• [TASK OBJECTIVE] Every line of the data below must be output exactly, with images left out.

*** DATA BLOCK Section Begins ***

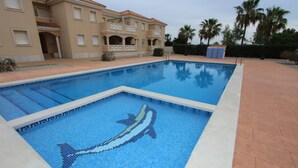 A swimming pool with a dolphin mosaic, a building with balconies, and palm trees. - AP ECODUNES, Ideal house for your holidays near the sea, free wifi, optional air conditioning, community pool, pets allowed, dog’s beach (Delta de l'ebre)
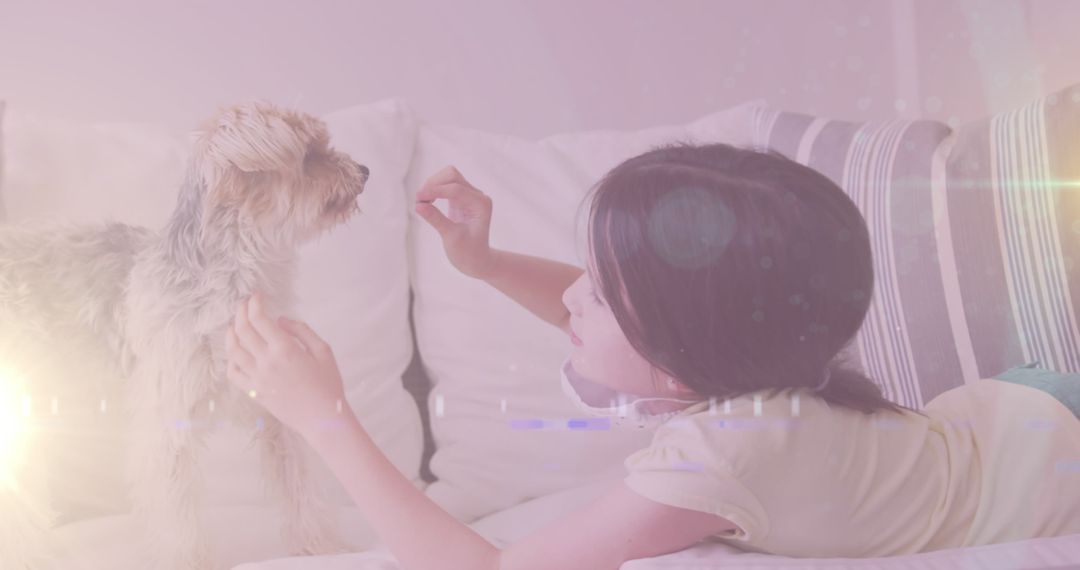 Young Girl Playing with Her Dog on Couch at Home in Soft Lighting
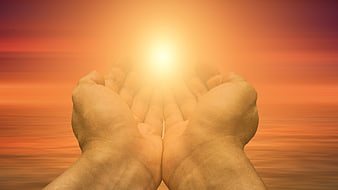 Cupped Hands Reaching Toward Bright Light Against Orange Sunset Sky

*** DATA BLOCK Section Ends ***

• [YOUR SOLUTION]
 A swimming pool with a dolphin mosaic, a building with balconies, and palm trees. - AP ECODUNES, Ideal house for your holidays near the sea, free wifi, optional air conditioning, community pool, pets allowed, dog’s beach (Delta de l'ebre)
 Young Girl Playing with Her Dog on Couch at Home in Soft Lighting
 Cupped Hands Reaching Toward Bright Light Against Orange Sunset Sky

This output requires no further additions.